Bulge bracket (BB) banks are the largest and most prominent investment banks in the world. The term originated from the practice of listing lead underwriters in a larger, 'bulging' font on tombstone advertisements for securities offerings. Today, it refers to banks with global scale, full-service capabilities, and dominant market share.
The Bulge Bracket Banks
The traditional bulge bracket includes Goldman Sachs, Morgan Stanley, JPMorgan, Bank of America, and Citigroup. Some definitions also include Barclays, Deutsche Bank, UBS, and Credit Suisse (now part of UBS). These banks compete across all major product areas and geographies.
What Makes Them Different
Bulge brackets offer the full spectrum of financial services: M&A advisory, equity capital markets (IPOs, follow-ons), debt capital markets (investment grade, leveraged finance), sales and trading, equity and credit research, prime brokerage, and wealth management. This breadth allows them to serve the largest corporations and governments on their most complex transactions.
They have true global reach with offices in every major financial center. They can execute the largest transactions — multi-billion dollar M&A deals, IPOs, and debt offerings — that require significant balance sheet commitment and distribution capabilities.
Bulge Bracket Culture and Careers
BB banks offer structured analyst programs with extensive training, exposure to large deal teams and marquee transactions, strong exit opportunities (PE, hedge funds), and brand recognition. However, the work can be less entrepreneurial than boutiques, with more hierarchy and larger teams meaning less individual responsibility for juniors.

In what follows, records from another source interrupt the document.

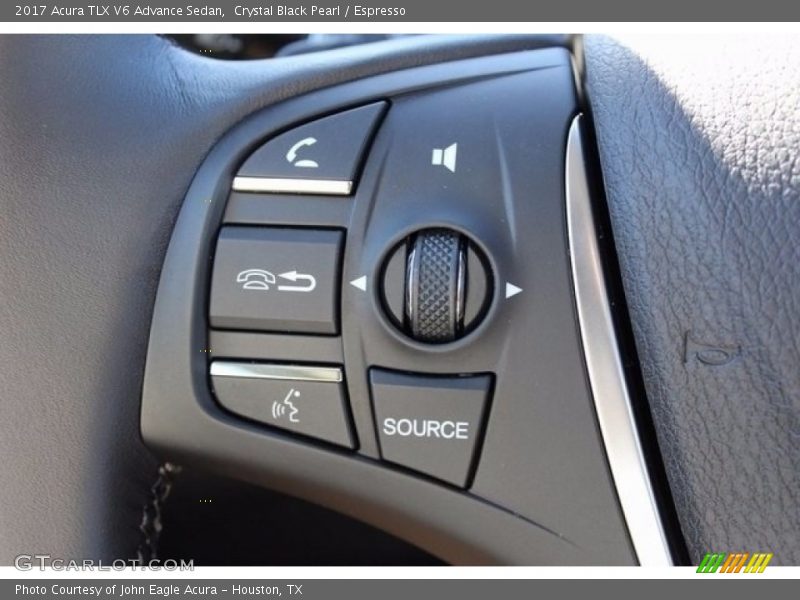 Crystal Black Pearl / Espresso 2017 Acura TLX V6 Advance Sedan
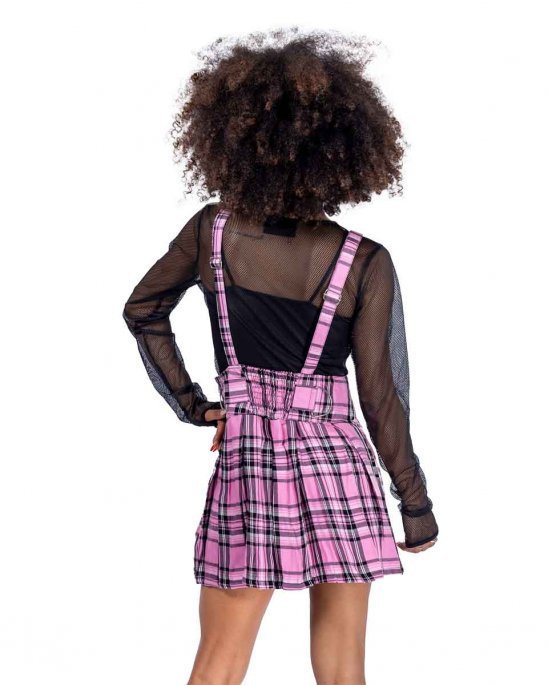 heartless-klänning-rosa-tartan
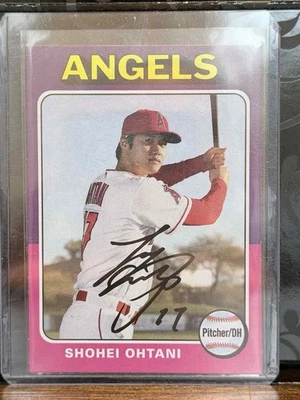 Topps Archives 2019 - 1975 Design Shohei Ohtani #101 bateo Foto 1 de 2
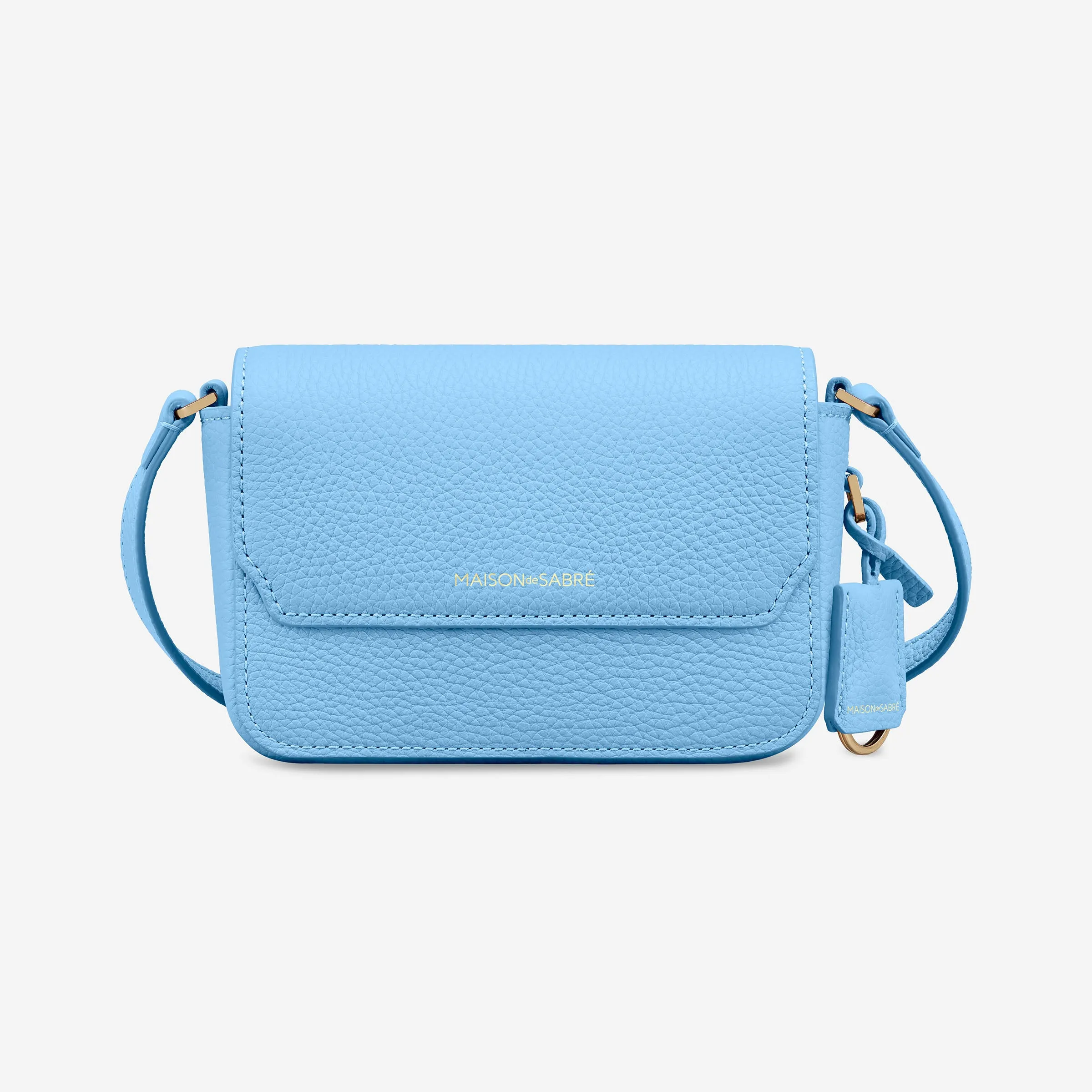 The Micro Flap Bag - Sky Blue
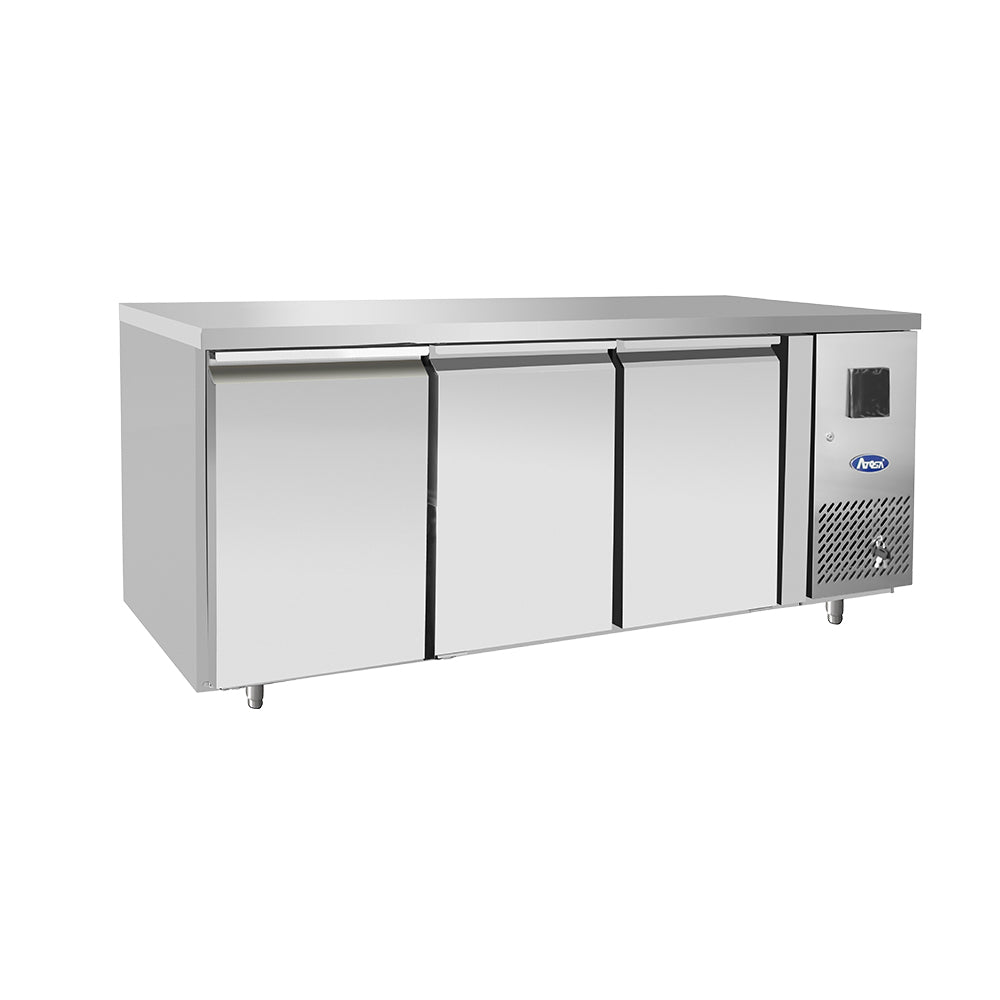 Atosa EPF3432HD Three Door Counter Fridge 420ltrs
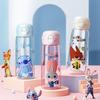 Disney Zootopia Judy And Nick Tritan Kids Water Bottle With Straw For School Use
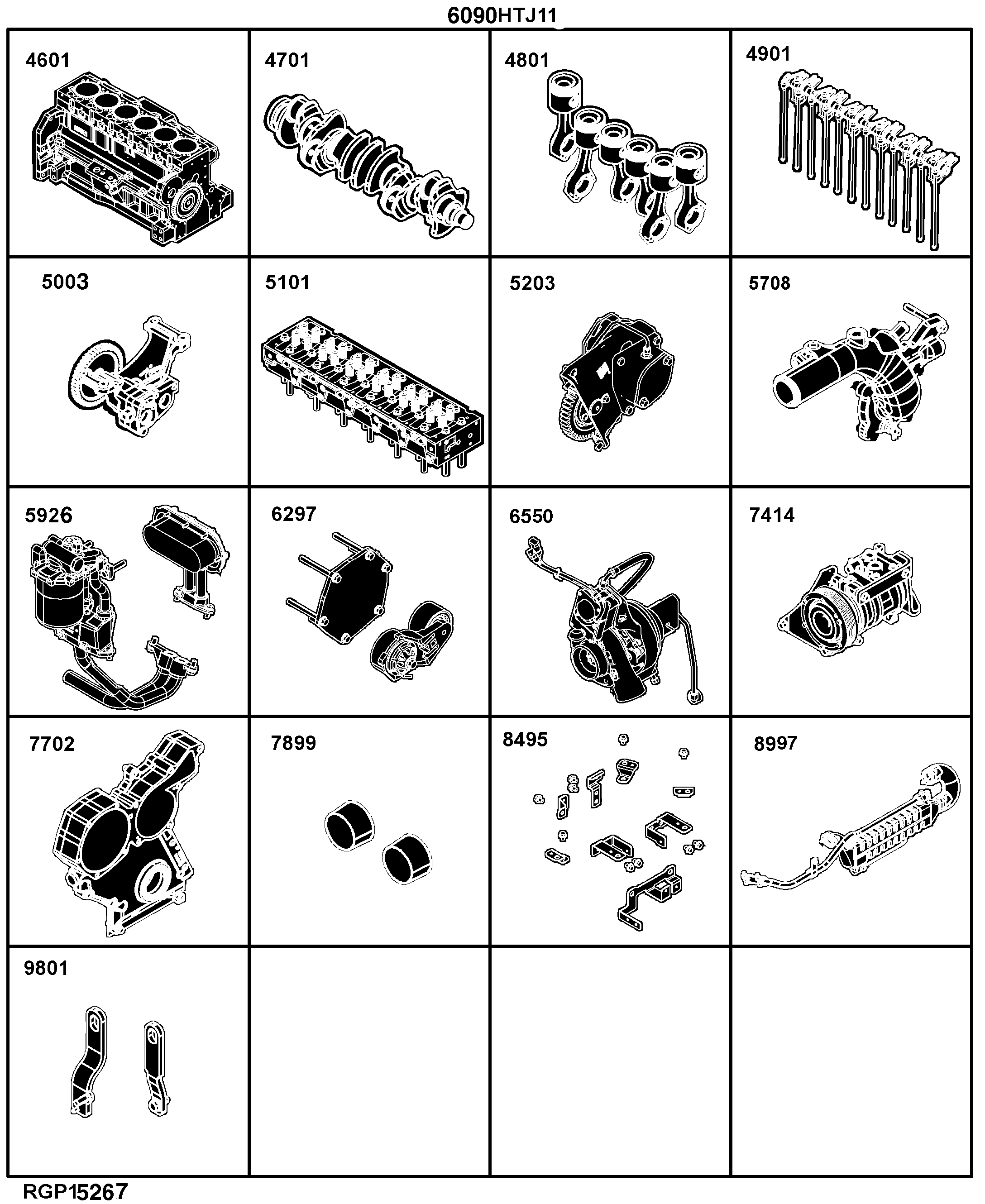 04B Engine 6090HTJ11-RE536412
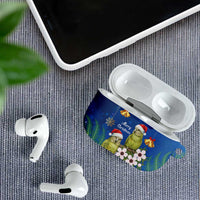 New Zealand Kakapo Christmas AirPods Case Owl Parrot Santa Sliver Fern Manuka - Blue LT14 - Polynesian Pride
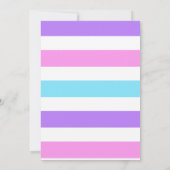 ウィンターユニコーン誕生日招待状 招待状 (裏面)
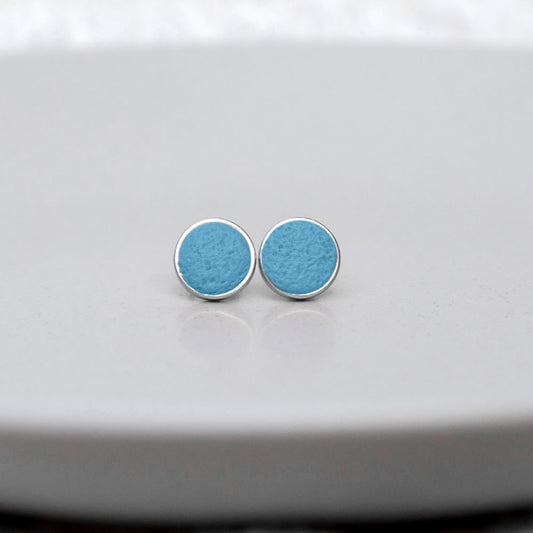 Ohrringe "Pure Dots" Eisblau - silberfarben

Bulge Brackets vs. Elite Boutiques
Elite boutiques (Evercore, Lazard, Centerview) compete directly with BBs on M&A advisory. Boutiques often offer more deal responsibility for juniors, focused advisory (no capital markets), and potentially higher per-banker productivity. BBs counter with broader service offerings, larger balance sheets for financing, and global infrastructure.
Choosing a Bulge Bracket
Candidates should consider the bank's strength in their industries of interest, culture and work style, office location, recent deal activity, and exit opportunities. The differences between top BBs are often less important than the specific group (industry coverage vs. product group) and the team's culture.